- Material for this exercise -
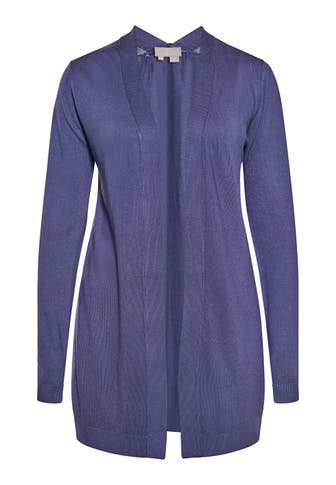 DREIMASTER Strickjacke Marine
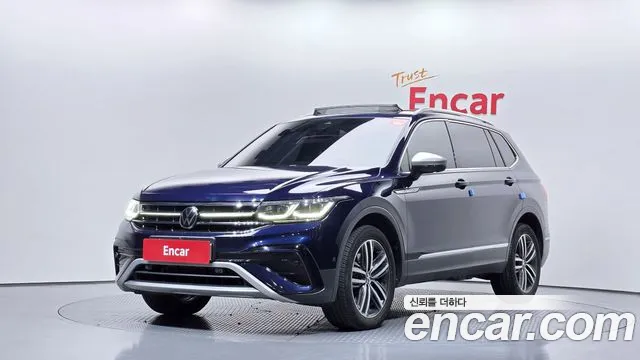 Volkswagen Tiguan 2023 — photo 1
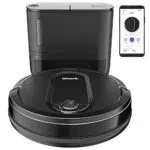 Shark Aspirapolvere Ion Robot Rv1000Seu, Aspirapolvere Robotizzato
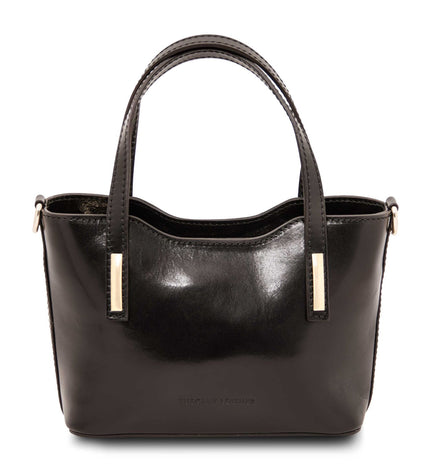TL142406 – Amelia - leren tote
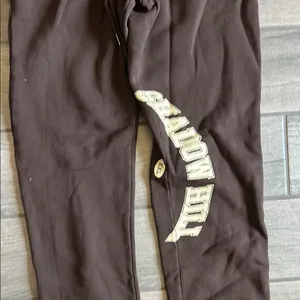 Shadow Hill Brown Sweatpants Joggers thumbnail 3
* * *
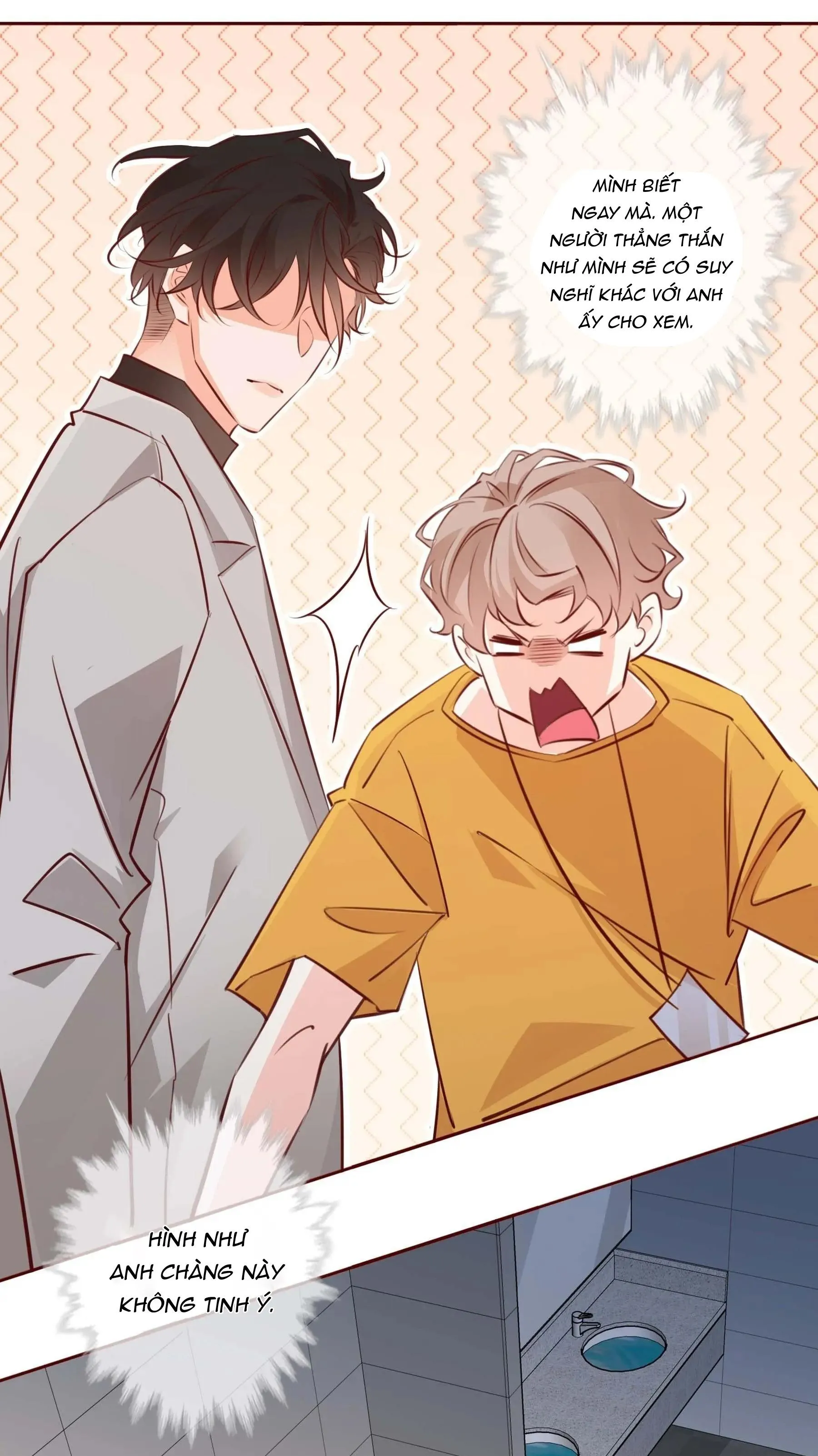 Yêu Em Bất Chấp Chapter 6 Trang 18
==
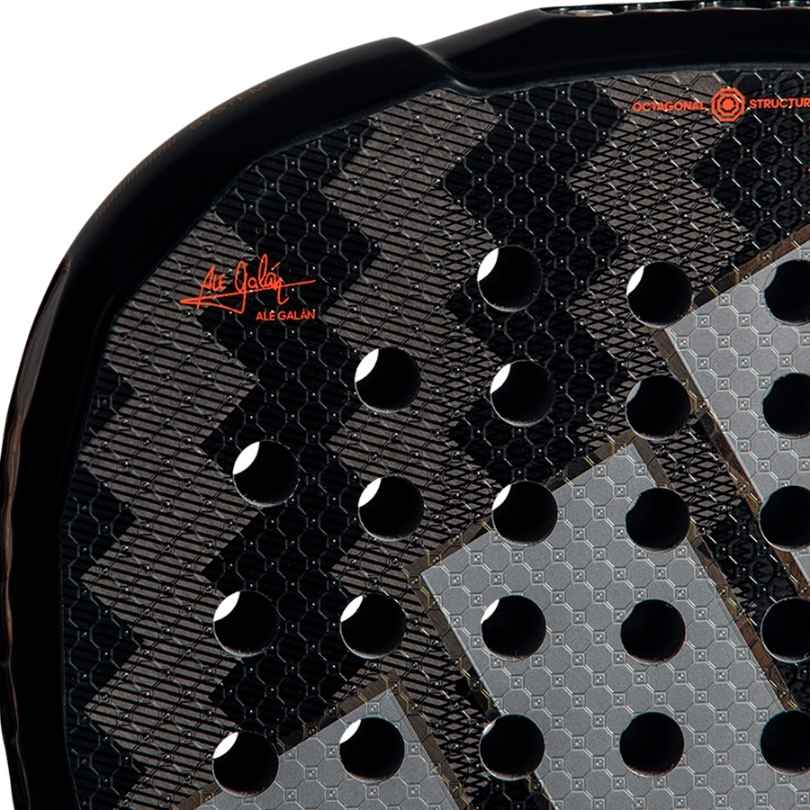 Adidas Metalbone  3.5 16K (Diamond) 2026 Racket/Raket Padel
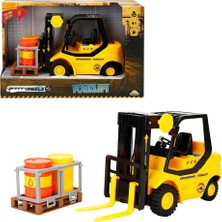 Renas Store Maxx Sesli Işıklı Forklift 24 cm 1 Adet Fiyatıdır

- Directions for this task -
In the material above, one part opens with the line containing "DREIMASTER Strickjacke Marine" and closes with the line containing "Shadow Hill Brown". Write out that part exactly and skip its pictures.

- Problem solution -
 DREIMASTER Strickjacke Marine
 Volkswagen Tiguan 2023 — photo 1
 Shark Aspirapolvere Ion Robot Rv1000Seu, Aspirapolvere Robotizzato
TL142406 – Amelia - leren tote
 Shadow Hill Brown Sweatpants Joggers thumbnail 3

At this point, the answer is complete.